Tuesday, February 05, 2008

What is the justification for morality?

What is the justification for morality? Is it reciprocity? Is it self interest? Should we only consider behaving morally with respect to those who can reciprocate appropriately, ignoring the poor and the weak who cannot reciprocate in an adequate way? Or, does being moral require that we protect and provide for the weak and the poor? Why or why not?

Here's why I ask this question: if morality obligates us to care for weak and the poor, then why does this obligation not extend to all living things rather than just to people? Nietzsche said something like 'one negotiates with equals; one does not negotiate with inferiors, one simply takes what one wants from them'. This would be a description of motivation from self-interest, I think. If our sense of obligation extends only as far as people, then how can we criticize a rich and powerful person who restricts their range of obligation to only those who are nearly as rich and powerful as they are?

Thinking about this right now, it dawns on me that the poor are powerful in large numbers, as the reign of terror during the period of the French revolution shows. Is that it? Is the principle that morality should be based on the idea that we are only obligated to those who can affect us significantly? Or, is morality a "custom": patterns of habitual behavior which form our personality? In this case, few effect the individual as much as the individual affects him or her self. By our behavior we set the de-facto "rules" of the game called "Existence" or "Life" or "Civil Society" because others see our behaviors, or the effects of our behaviours, and follow suit to compete for survival.

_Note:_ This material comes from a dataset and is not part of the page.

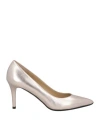 Loriblu Woman Pumps Platinum Size 8 Leather In Grey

Here morality might be providing us with rules for cooperation so that we are not distracted from work, sleep, education and the other endeavors that we would not be able to undertake if we had to spend all our time protecting our interests from others who are not constrained by the rules of morality. Again, this is self-interest. It is mutually beneficial, but still motivated by self-interest. But if self-interest is the principle in play, why don't the superior individuals gang together with only other superior individuals and play as a team against the poor and weak?

Again, the reason I am asking this is because I think we have moral obligations to all living things, and not just to our equals or just to people. The problem I am having is determining whether this is grounded on good principles which can be logically determined or is this just a sentimental impulse, perhaps some vestigial instinct left over from our evolutionary heritage, as per Steven Pinker's "The Moral Instinct" http://www.nytimes.com/2008/01/13/magazine/13Psychology-t.html?pagewanted=1&_r=1&ei=5089&en=18a8d2d348782cdb&ex=1357880400&partner=rssyahoo&emc=rss, a very interesting article from the New York Times online.

Please note, I am not looking for mere agreement that others feel obligated to care for the weak, poor, inferior or other species; I am looking for *reasons* why this is so, reasons that even a machine could understand; i.e. logically explicable.